LOL! Well, it does work if you're platform supports something like the NUL
device.

Humm, I suppose you could also use a dummy file.


[...]

 

[Chris M. Thomasson]

LOL! Well, it does work if you're platform supports something like the
NUL device.

Humm, I suppose you could also use a dummy file.


[...]

Here is another version of the program which uses a temporary file as a
"fallback" just in case the file open fails with the standard names for some
platforms NUL device:
______________________________________________________________________
#include <stdio.h>
#include <stdarg.h>
#include <stdlib.h>
#include <assert.h>




static FILE* g_stdnull = NULL;




int
stdnull_init(void)
{
if (! g_stdnull)
{
g_stdnull = fopen("/dev/nul", "w");
if (! g_stdnull)
{
g_stdnull = fopen("nul", "w");
if (! g_stdnull)
{
g_stdnull = tmpfile();
if (! g_stdnull)
{
return 0;
}
}
}
}
return 1;
}


void
stdnull_deinit(void)
{
if (g_stdnull)
{
fclose(g_stdnull);
g_stdnull = NULL;
}
}


int
get_sprintf_size(char const* format,
...)
{
int size;
va_list args;

va_start(args, format);
size = vfprintf(g_stdnull, format, args);
va_end(args);
fseek(g_stdnull, 0, SEEK_SET);

return size;
}




int main(void)
{
if (stdnull_init())
{
int size = get_sprintf_size("%s %d\n", "Hello World", 123);

if (size) {
int xsize;
char* buffer = malloc(size + 1);

buffer[0] = '\0';
xsize = sprintf(buffer, "%s %d\n", "Hello World", 123);
assert(size == xsize);
printf("size(%d/%d) - %s", size, xsize, buffer);
free(buffer);
}

stdnull_deinit();
return EXIT_SUCCESS;
}

else
{
fprintf(stderr, "Could not open the NUL device!");
}

return EXIT_FAILURE;
}
______________________________________________________________________




Also, this version attempts to set the file pointer to the beginning of the
file after every call to `get_sprintf_size()'.

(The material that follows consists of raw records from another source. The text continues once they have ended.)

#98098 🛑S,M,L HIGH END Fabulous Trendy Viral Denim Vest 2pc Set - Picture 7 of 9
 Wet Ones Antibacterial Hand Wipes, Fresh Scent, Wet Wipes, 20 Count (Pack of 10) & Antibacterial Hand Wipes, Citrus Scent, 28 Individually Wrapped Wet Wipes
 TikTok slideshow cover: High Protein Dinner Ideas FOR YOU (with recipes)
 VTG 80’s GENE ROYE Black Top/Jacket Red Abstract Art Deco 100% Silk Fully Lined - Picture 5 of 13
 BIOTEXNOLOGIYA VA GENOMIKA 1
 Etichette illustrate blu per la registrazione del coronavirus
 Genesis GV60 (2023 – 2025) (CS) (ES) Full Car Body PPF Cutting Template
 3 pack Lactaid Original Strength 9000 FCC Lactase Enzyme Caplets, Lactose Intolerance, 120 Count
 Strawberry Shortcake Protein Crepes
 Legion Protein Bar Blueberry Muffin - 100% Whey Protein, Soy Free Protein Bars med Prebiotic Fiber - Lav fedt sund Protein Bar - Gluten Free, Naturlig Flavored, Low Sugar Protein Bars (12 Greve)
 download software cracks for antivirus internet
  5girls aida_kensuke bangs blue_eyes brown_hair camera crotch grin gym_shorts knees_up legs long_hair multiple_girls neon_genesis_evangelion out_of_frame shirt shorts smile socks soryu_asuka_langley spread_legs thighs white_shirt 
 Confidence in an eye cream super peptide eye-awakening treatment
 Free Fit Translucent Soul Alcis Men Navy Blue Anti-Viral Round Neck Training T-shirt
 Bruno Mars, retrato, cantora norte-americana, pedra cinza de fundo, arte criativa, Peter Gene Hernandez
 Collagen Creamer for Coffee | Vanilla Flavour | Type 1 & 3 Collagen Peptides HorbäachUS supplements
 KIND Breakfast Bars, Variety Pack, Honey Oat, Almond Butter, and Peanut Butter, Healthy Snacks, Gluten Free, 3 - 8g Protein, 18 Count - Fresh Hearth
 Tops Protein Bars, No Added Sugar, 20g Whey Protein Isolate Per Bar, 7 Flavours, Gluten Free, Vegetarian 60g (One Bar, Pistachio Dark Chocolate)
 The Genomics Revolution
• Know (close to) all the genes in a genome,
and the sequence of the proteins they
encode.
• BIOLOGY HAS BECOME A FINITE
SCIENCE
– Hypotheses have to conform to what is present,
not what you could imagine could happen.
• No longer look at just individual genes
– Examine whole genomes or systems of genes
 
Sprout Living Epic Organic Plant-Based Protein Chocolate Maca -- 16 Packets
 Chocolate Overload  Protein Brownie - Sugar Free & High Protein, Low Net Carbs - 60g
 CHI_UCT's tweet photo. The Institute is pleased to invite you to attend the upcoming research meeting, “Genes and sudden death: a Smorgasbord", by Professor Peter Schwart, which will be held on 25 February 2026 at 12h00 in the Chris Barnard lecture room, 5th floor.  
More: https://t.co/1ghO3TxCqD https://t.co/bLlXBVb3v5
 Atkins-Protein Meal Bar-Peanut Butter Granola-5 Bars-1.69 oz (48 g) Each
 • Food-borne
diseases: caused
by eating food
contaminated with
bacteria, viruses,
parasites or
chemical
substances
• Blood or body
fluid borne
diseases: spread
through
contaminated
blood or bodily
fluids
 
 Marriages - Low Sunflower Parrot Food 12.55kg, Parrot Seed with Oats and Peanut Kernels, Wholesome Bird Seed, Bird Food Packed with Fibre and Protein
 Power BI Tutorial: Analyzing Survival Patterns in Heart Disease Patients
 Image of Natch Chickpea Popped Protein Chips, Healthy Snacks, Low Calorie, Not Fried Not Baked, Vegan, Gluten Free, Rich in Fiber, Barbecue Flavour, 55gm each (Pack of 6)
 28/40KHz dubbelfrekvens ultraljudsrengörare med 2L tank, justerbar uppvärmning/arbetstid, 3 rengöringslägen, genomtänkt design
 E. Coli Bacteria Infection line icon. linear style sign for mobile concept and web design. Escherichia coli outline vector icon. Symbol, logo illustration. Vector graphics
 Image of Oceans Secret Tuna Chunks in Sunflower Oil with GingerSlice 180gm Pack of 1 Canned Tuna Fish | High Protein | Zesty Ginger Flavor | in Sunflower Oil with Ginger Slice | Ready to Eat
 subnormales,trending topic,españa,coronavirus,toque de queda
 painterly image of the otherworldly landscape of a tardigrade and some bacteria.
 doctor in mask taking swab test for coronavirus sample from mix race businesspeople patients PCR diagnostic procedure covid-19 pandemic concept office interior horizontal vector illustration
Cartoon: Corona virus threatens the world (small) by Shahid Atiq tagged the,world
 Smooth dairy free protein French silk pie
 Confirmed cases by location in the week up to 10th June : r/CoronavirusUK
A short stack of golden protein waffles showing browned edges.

Ahhh, I do love the ability to hack some crap together in C. LOL!


;^)

 

[Chris M. Thomasson]

LOL! Well, it does work if you're platform supports something like the
NUL device.

Humm, I suppose you could also use a dummy file.


[...]

Here is another version of the program which uses a temporary file as a
"fallback" just in case the file open fails with the standard names for
some platforms NUL device:

[...]

Well, even though this is a crappy little hack, I should still check if
`malloc()' succeeds or not!

[...]

_________________________________________________________________________

int main(void)
{
if (stdnull_init())
{
int size = get_sprintf_size("%s %d\n", "Hello World", 123);

if (size) {
int xsize;
char* buffer = malloc(size + 1);

if (buffer)
{
buffer[0] = '\0';
xsize = sprintf(buffer, "%s %d\n", "Hello World", 123);
assert(size == xsize);
printf("size(%d/%d) - %s", size, xsize, buffer);
free(buffer);
}

else
{
fprintf(stderr, "Could not allocate %lu bytes!",
(unsigned long int)(size + 1));
}
}

stdnull_deinit();
return EXIT_SUCCESS;
}

else
{
fprintf(stderr, "Could not open the NUL device!");
}

return EXIT_FAILURE;
}
_________________________________________________________________________




Sorry about that NON-SENSE!

;^o

 

[Chris M. Thomasson]

[...]

LOL! Well, it does work if you're platform supports something like the
NUL device.

Humm, I suppose you could also use a dummy file.


[...]

Here is another version of the program which uses a temporary file as a
"fallback" just in case the file open fails with the standard names for
some platforms NUL device:

[...]

Well, even though this is a crappy little hack, I should still check if
`malloc()' succeeds or not!

[...]

ROFL!!!


I guess I should not return `EXIT_SUCCESS' when `malloc()' fails. Too funny!


;^)

[...]




BTW, how many of you find that the overall idea contained within the hack I
whipped up might be "useful"?

 

[Chris M. Thomasson]

[...]

For most applications vanilla sprintf() with a big buffer is good enough.
It just segfaults on a stupid input, like a name of over a thousand
characters, and that is acceptable. This behaviour is fine for my current
programs, for instance.

seg-fault or viral outbreak?

 

[jacob navia]

The problem is that applying a format specification to a set of
arguments produces a string of unknown length. Snprintf "solves"
the problem by failing to complete the production of the output
string.

This is just not true. Before writing something like that
you could *read* the specs of snprintf!

The first time you do:

unsigned siz=1+snprintf(NULL,0,format_string,arg1,arg2,arg3);
char *buf = malloc(siz);
snprintf(buf,siz,format_string,arg1,arg2,arg3);

As you say, one can use snprintf to find out the size of the
buffer one does need; one way is to keep increasing the size of
the buffer until there is enough space.

You should know better. Regulars are really spewing nonsense here.

[snip]

Richard Harter, (e-mail address removed)
http://home.tiac.net/~cri, http://www.varinoma.com
No one asks if a tree falls in the forest
if there is no one there to see it fall.

Sure, but if the tree falls in a theater everybody sees it...

 

[Ben Bacarisse]

[...] IIANM (but I often am) the %s specifier is the only
that is potentially unbounded,

using * as a width has the same property.

<snip>

 

[Willem]

Sri Harsha Dandibhotla wrote:
) "The problem is that any sprintf whatsoever, insofar as it formats
) strings, has no control over string length. Most code I've seen
) decides to create some silly "buffer" of some silly size. "
)
) you still have to create some silly buffer of some silly size.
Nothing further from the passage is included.